**Dataset content:**
------------
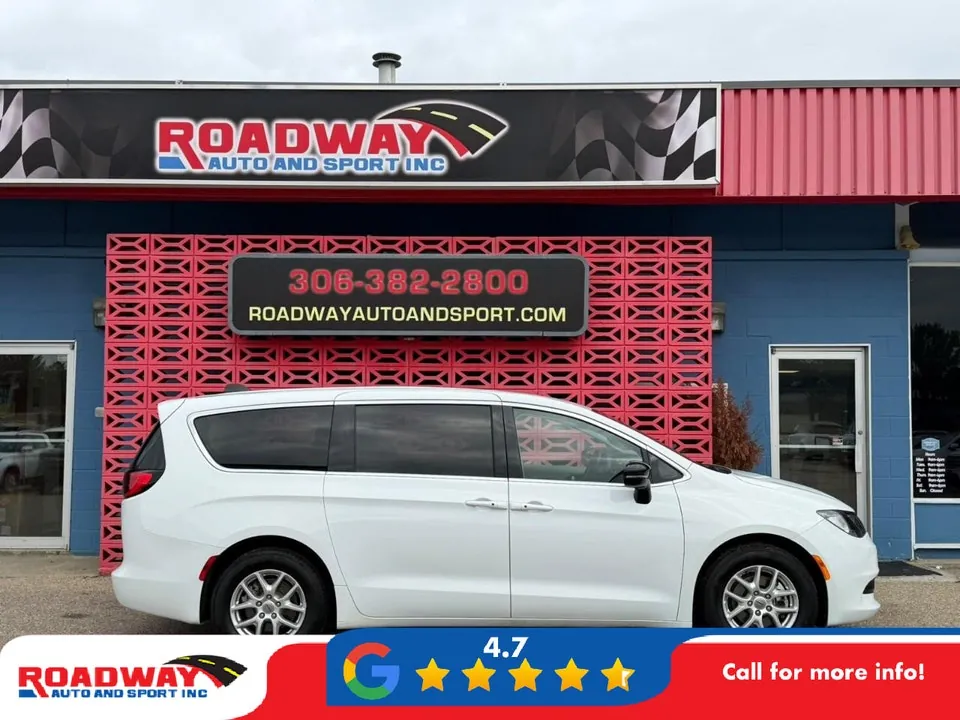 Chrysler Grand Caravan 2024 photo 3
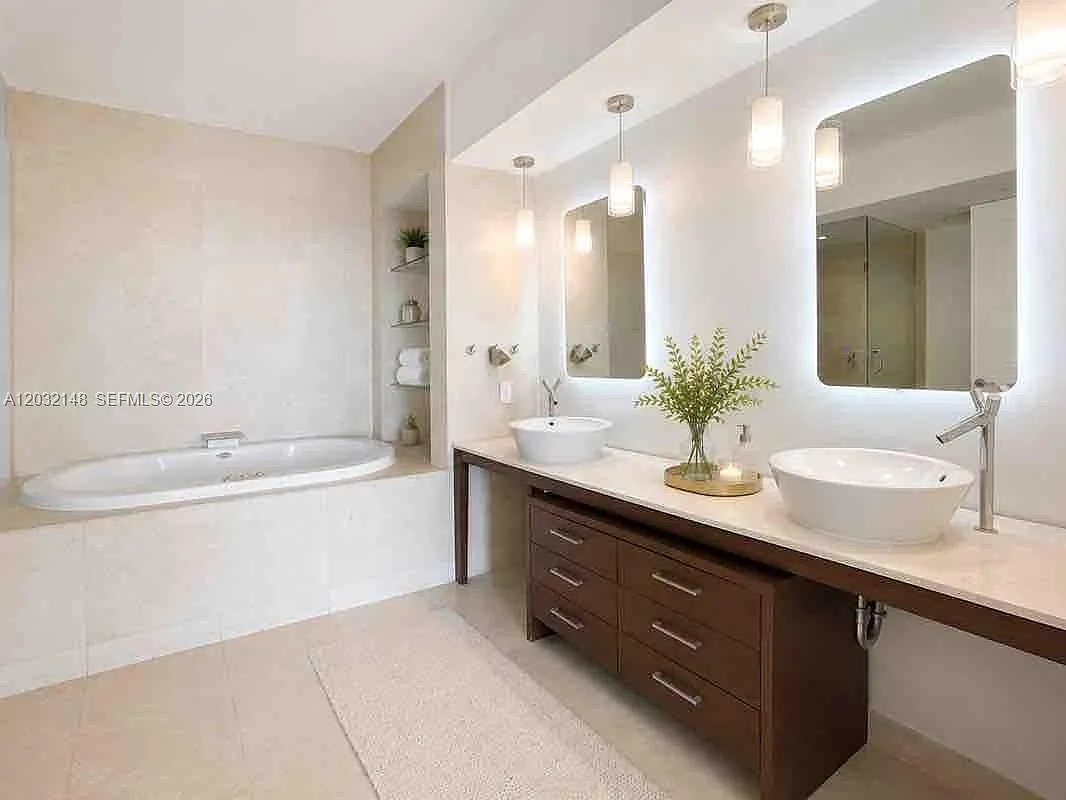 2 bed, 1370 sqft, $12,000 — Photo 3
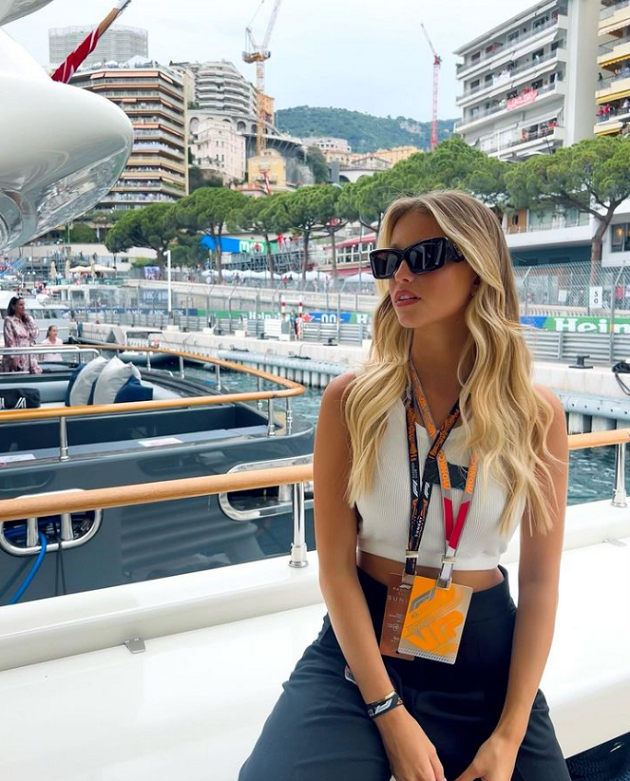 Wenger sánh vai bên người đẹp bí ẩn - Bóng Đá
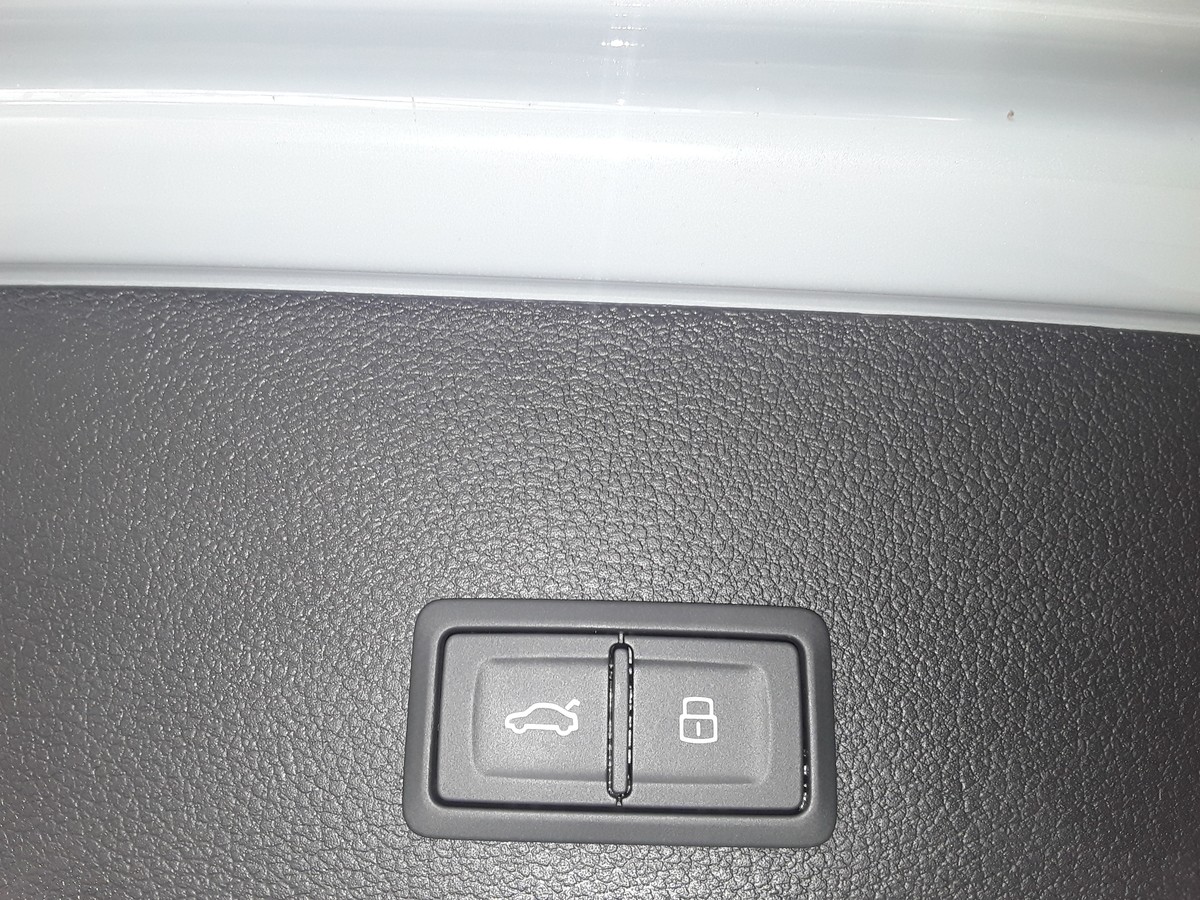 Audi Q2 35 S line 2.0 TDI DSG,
------------
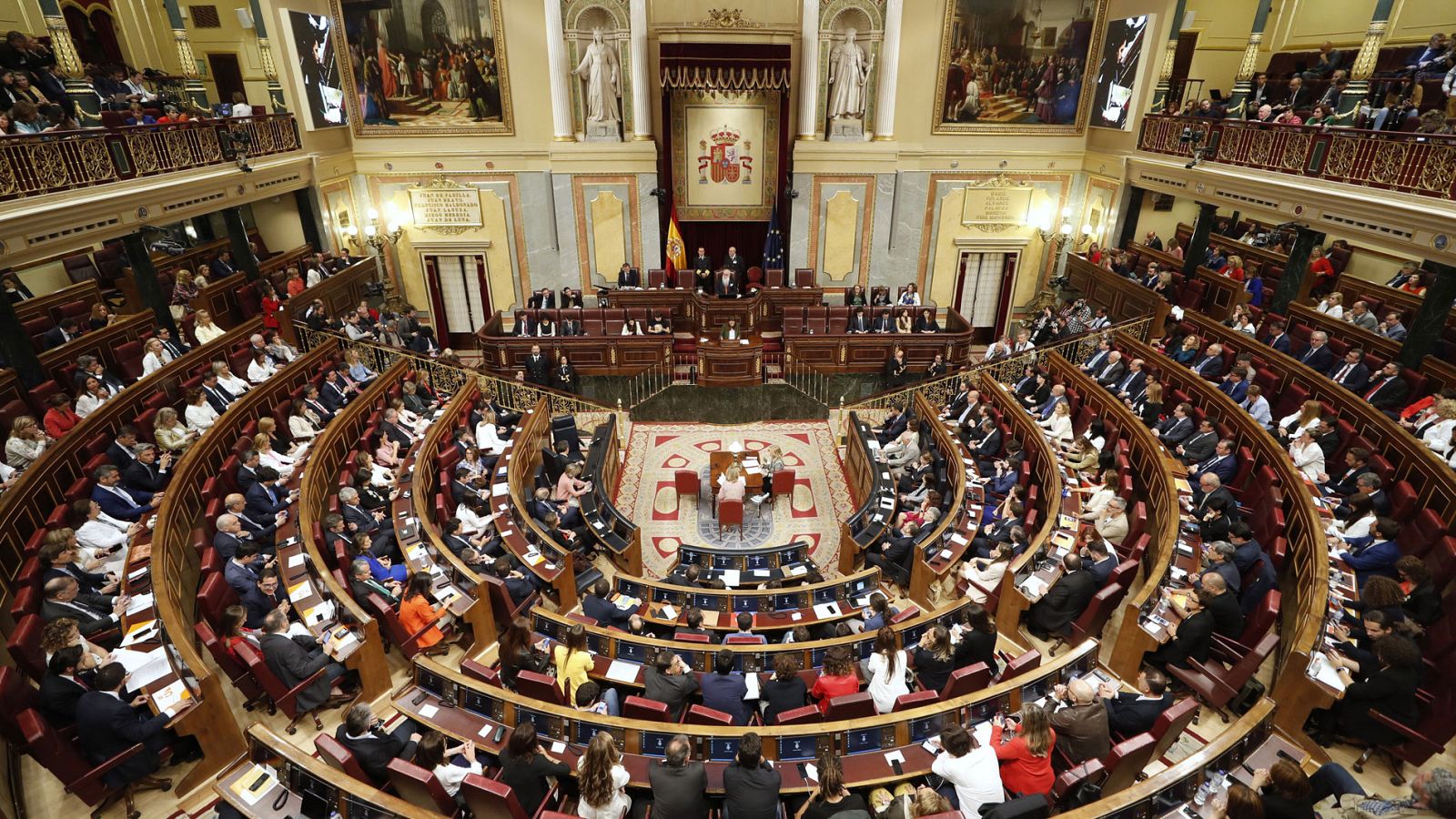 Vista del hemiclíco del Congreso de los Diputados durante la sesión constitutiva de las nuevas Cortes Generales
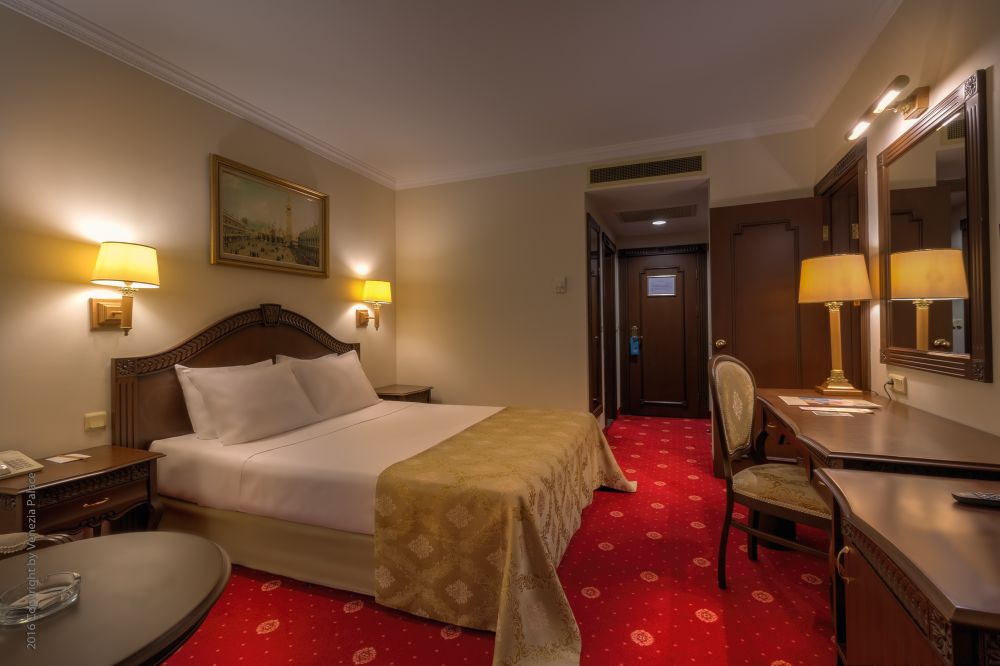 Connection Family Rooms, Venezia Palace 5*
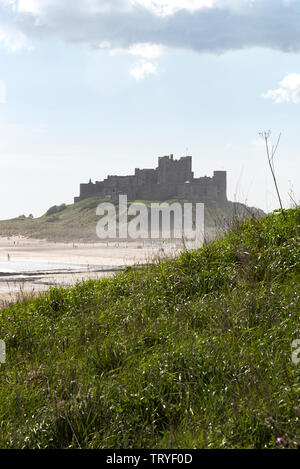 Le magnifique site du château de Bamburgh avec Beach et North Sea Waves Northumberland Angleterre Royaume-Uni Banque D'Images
------------
**About this task:**
All lines above starting at the one with "Chrysler Grand Caravan 2024 photo 3" and ending at the one with "Audi Q2 35 S", inclusive, are to be printed again exactly, with the pictures left out.

**Reply:**
 Chrysler Grand Caravan 2024 photo 3
 2 bed, 1370 sqft, $12,000 — Photo 3
 Wenger sánh vai bên người đẹp bí ẩn - Bóng Đá
 Audi Q2 35 S line 2.0 TDI DSG,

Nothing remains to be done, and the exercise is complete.